The stars aligned for the Leafs, and it’s as dangerous to believe that is repeatable as it is to fall for a shooting percentage spike and give out a big contract.
But okay, the Avs management did the tinkering around the edges about as badly as you can and mysteriously not end up fired. The Leafs will do it intelligently. I should relax.
To stay relaxed, I should not ever look at that depth chart we made. You know, the one that shows that, without additions of more than just one unicorn defender who shoots right and is perfect in every way, the Leafs are one Tyler Bozak head cold away from Ben Smith playing 15 minutes a night. And one defender injury away from Alexey Marchenko doing the same thing again.
The great leap forward is about revolutionary change. And maybe you just don’t get that from one star signing. Maybe you have to take all the intermediate steps one at a time.
Brendan Shanahan took over the Leafs and absolutely nothing changed at first. The story goes that the Leafs, with Shanahan in charge, were going to offer Dave Bolland five years at just under five million each.
A hockey team has a big turning radius. Eventually, the Leafs took a long, slow sweeping turn in a new direction, and just barely avoided having Bolland on board.
Now that they are turned, what’s the cruising speed?
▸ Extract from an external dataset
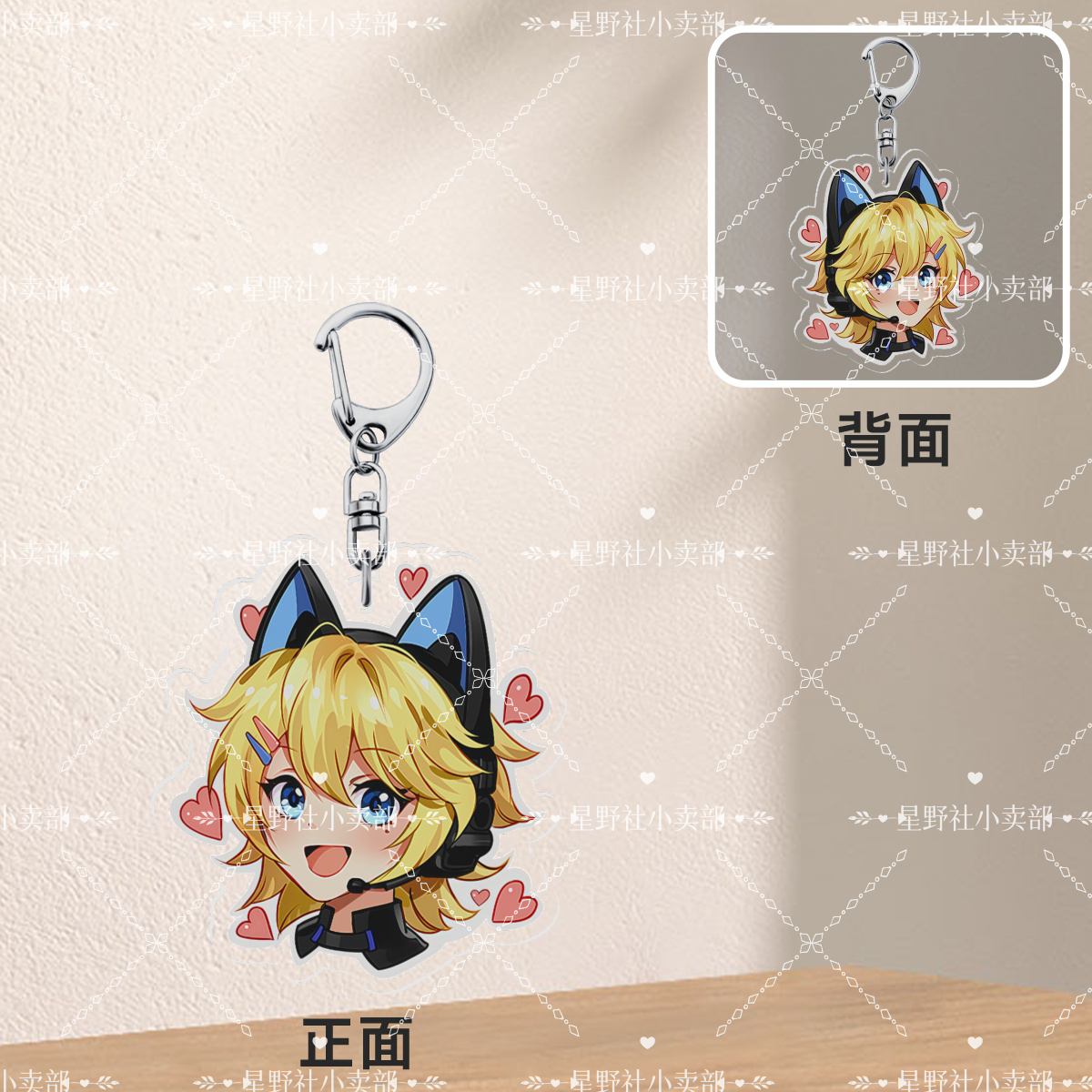 [星野社]战争雷霆游戏周边二次元周边战雷少女挂件6cm WarThunder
Perhaps the Leafs can move at the pace of a brisk walk on a November day in Toronto, but not just leap over all the intervening steps to greatness. Maybe the revolution has already happened inside each player, and it’s what made all those career years show up all at once.
A leap of any kind might be exactly the wrong tactic.
It takes a very strong will to sit and wait, do nothing, and watch everyone else fall into a frenzy of overpayment for defencemen and panic buying and selling with Las Vegas. Maybe the revolution happens for the Leafs by some well-timed sitting still and finding the change within.
Let’s meet on July 3 and talk over how far they’ve come, and what we think is just around the corner.